The issue with dynamic memory allocation is that you have to explicitly give it back to the system, lest it leaks. In C this is pretty difficult and requires rigor. In C++ though it's made easier by the use of smart pointers. So let's use those!
struct Node {
Node(Node* p, int k): parent(p), key(k) {}
Node* parent;
std::unique_ptr<Node> left, right;
int key;
};
// Note: I added a *constructor* to the type to initialize `parent` and `key`
// without proper initialization they would have some garbage value.
Note the different declaration of parent and left ? A parent owns its children (unique_ptr) whereas a child just refers to its parent.
void insert(std::unique_ptr<Node>& root, const int key)
{
if (root.get() == nullptr) {
root.reset(new Node{nullptr, key});
return;
}
Node* parent = root.get();
Node* y = nullptr;
while(parent)
{
if(key == parent->key) exit(EXIT_FAILURE);
y = parent;
parent = (key < parent->key) ? parent->left.get() : parent->right.get();
}
if (key < y->key) { y->left.reset(new Node{y, key}); }
else { y->right.reset(new Node{y, key}); }
}
In case you don't know what unique_ptr is, the get() it just contains an object allocated with new and the get() method returns a pointer to that object.
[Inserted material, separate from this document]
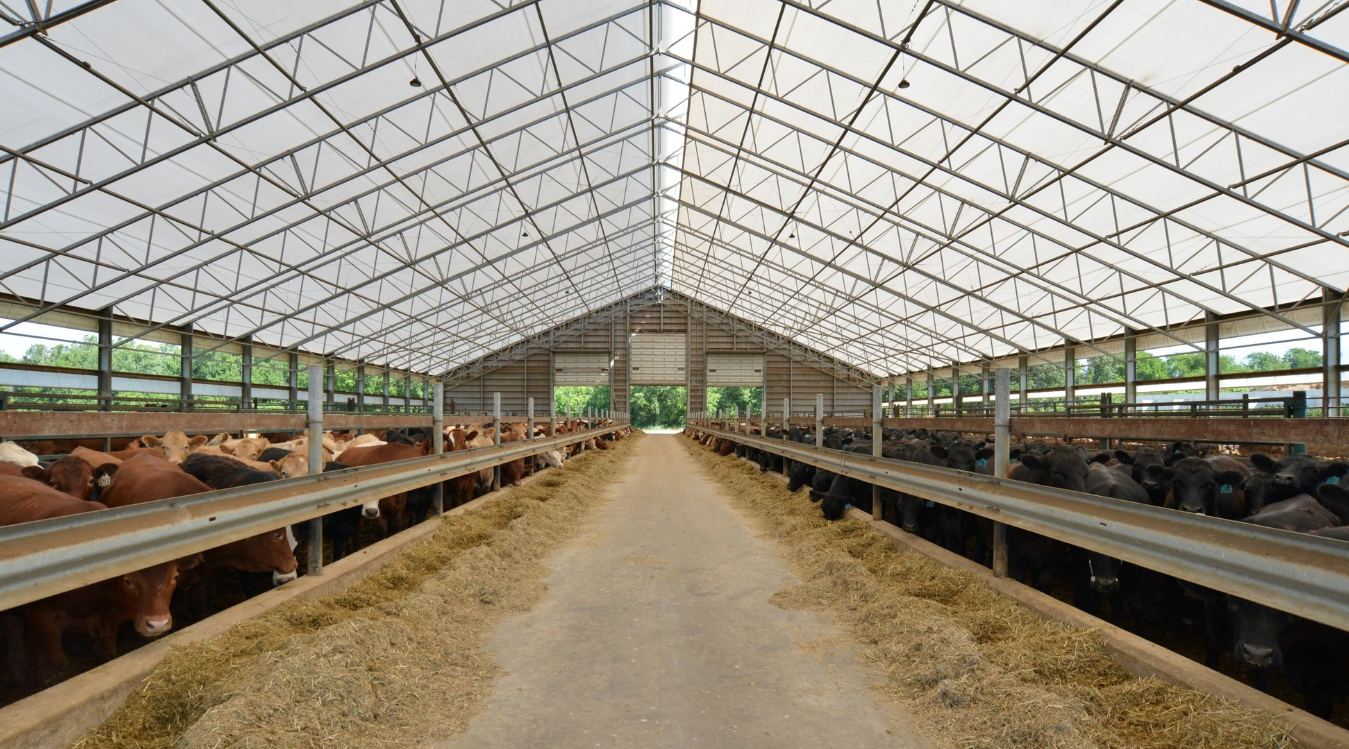 Fabric Roof Structure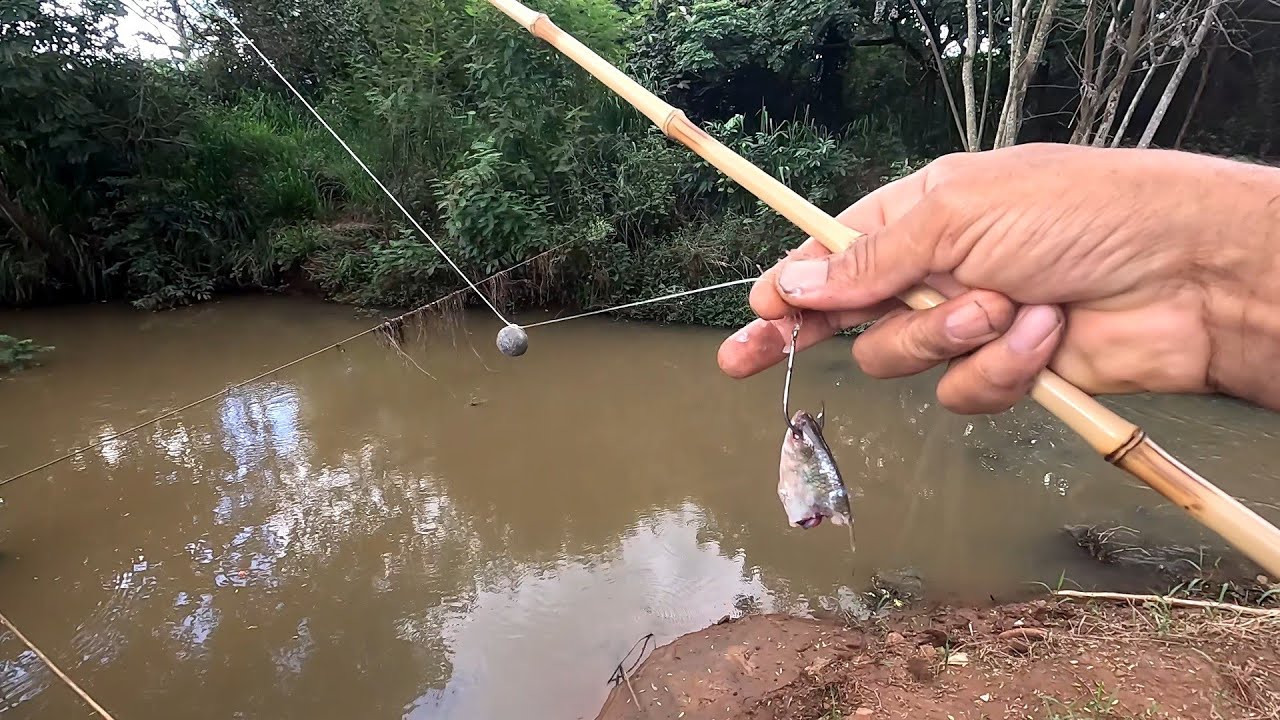 Pescaria Raiz no c&oacute;rrego do Rio eu n&atilde;o acreditei no que eu estava vendo de canto a canto do Rio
You can also reset its content (in which case it properly disposes of the object it already contained, if any).
I would note I am not too sure about your algorithm, but hey, it's yours :)
2 Arena
If this dealing with memory got your head all mushy, that's pretty normal at first, and that's why sometimes arenas might be easier to use. The idea of using an arena is pretty general; instead of bothering with memory ownership on a piece by piece basis you use "something" to hold onto the memory and then only manipulate references (or pointers) to the pieces. You just have to keep in mind that those references/pointers are only ever alive as long as the arena is.
struct Node {
Node(): parent(nullptr), left(nullptr), right(nullptr), key(0) {}
Node* parent;
Node* left;
Node* right;
int key;
};
void insert(std::list<Node>& arena, Node *&root, const int key)
{
arena.push_back(Node{}); // add a new node
Node& newElement = arena.back(); // get a reference to it.
newElement.key = key;
Node *y = NULL;
while(root)
{
if(key == root->key) exit(EXIT_FAILURE);
y = root;
root = (key < root->key) ? root->left : root->right;
}
newElement.p = y;
if(!y) root = &newElement;
else if(key < y->key) y->left = &newElement;
else y->right = &newElement;
}
Just remember two things:
as soon as your arena dies, all your references/pointers are pointing into the ether, and bad things happen should you try to use them
if you ever only push things into the arena, it'll grow until it consumes all available memory and your program crashes; at some point you need cleanup!